Step 11 — Governance, Access & Lifecycle
Portal: Governance → Permissions / Policies / Retention
- Restrict sensitive fields (PII) and steward-only attributes.
- Apply Retention Policies where appropriate (e.g., delete stale logs after N days).
- Maintain audit: every change is in History with who/when/why.
Step 12 — Publish Quality‑Assured Data
Portal: Exports
- Publish conformed entity views plus quality flags/scores.
- Provide suppression lists (e.g., invalid emails).
- Offer wide tables for BI with
Score_Entity
and failure counts.
Start read‑only to validate, then wire quality gates into downstream loaders.
Step 13 — Scheduling & Operations
- Schedule profiling, validation, scoring, and exports (off‑peak for heavy runs).
- For big jobs, use a dedicated VM/server to avoid timeouts and throttling.
- Monitor job durations and queue depth; investigate spikes.
Step 14 — UAT & Go‑Live
- Validate on a sample set across sources.
- Confirm rule accuracy (precision/recall) with business owners.
- Dry‑run alerts and dashboards; tune thresholds.
- Package with Product Toolkit and promote (ensure Accountable access).
Go‑Live Checklist
- DQ policy documented (dimensions, thresholds, SLAs, owners).
- Normalization & validation rules active; tests passing.
- Scorecards & dashboards show baseline and targets.
- Steward queues configured; Cleaning Projects tested; Undo verified.
- Exports include quality flags/scores; consumers validated.
- Schedules & alerts configured; on‑call/triage process in place.
Example Rules (Snippets)
Email Validity
- Condition:
Email present
- Actions: lower‑case; regex check; tag
InvalidEmail
on fail.
Phone Normalize
- Condition:
Phone present
- Actions: parse to E.164; tag
InvalidPhone
on parse failure.
Country ISO‑2 Enforcement
- Condition:
Country not in ISO2 set
- Actions: map alias (e.g.,
UK
→GB
,U.S.
→US
); if unknown, tagUnknownCountry
.
Date Consistency
- Condition:
EndDate < StartDate
- Actions: tag
InvalidDateRange
; send to stewardship.
Uniqueness (CustomerID)
- Condition: duplicate
CustomerID
detected - Actions: tag
DuplicateKey
; route to steward queue.
GTIN Check
- Condition:
GTIN present
- Actions: strip non‑digits; checksum; tag
InvalidGTIN
on fail.
Timeliness
- Condition:
Now - LastUpdated > 30 days
- Actions: tag
StaleRecord
.
KPIs & Targets (Examples)
- Valid Email ≥ 98%, Valid Phone ≥ 95%.
- Address Standardized ≥ 97%; Unknown Country < 0.1%.
- Duplicate Key violations = 0.
- Orphan References = 0.
- Entity Score ≥ 0.95 sustained over 30 days.
- Mean time to remediate stewarded issues < 5 days.
Common Pitfalls & How to Avoid Them
- Skipping standardization before validation → false failures.
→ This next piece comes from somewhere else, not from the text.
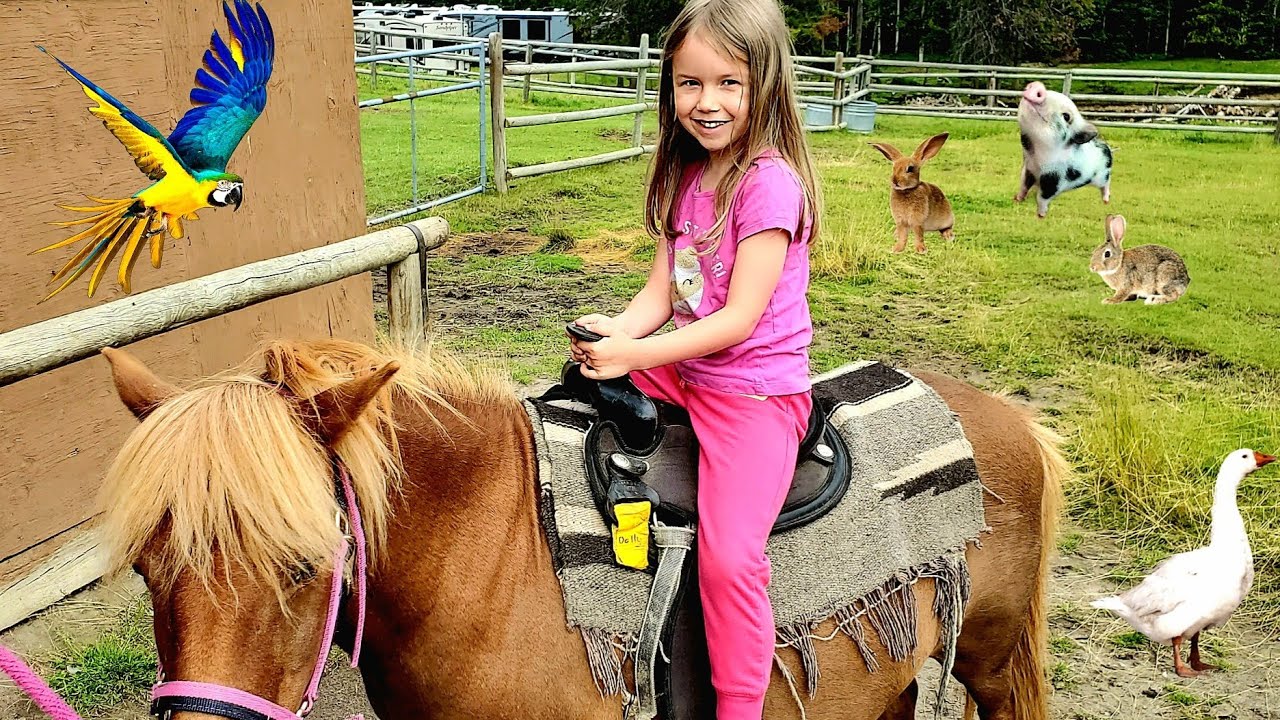 PETTING ZOO!! 🐴 ( Pony ride & Farm Animals / horse video for kids) | The Lily Show (eng cc)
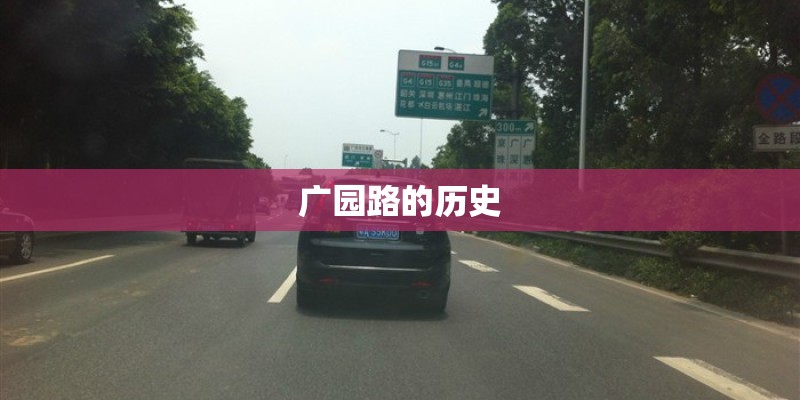 《种蚕豆》中班教案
Normalize first.
- Over‑aggressive regex → false negatives; keep patterns realistic.
- One giant rule → hard to debug; split into small rules.
- No owner for each KPI → assign accountable roles.
- Running profiling on laptops → use dedicated compute to avoid timeouts.
- Fixes re‑applied by other rules → adjust/disable the problematic rule before reprocessing.
Summary
A successful Data Quality program in CluedIn combines clear policy, modular rules, transparent scoring, and active stewardship. Start small, measure relentlessly, automate safe fixes, and keep governance tight so improvements stick.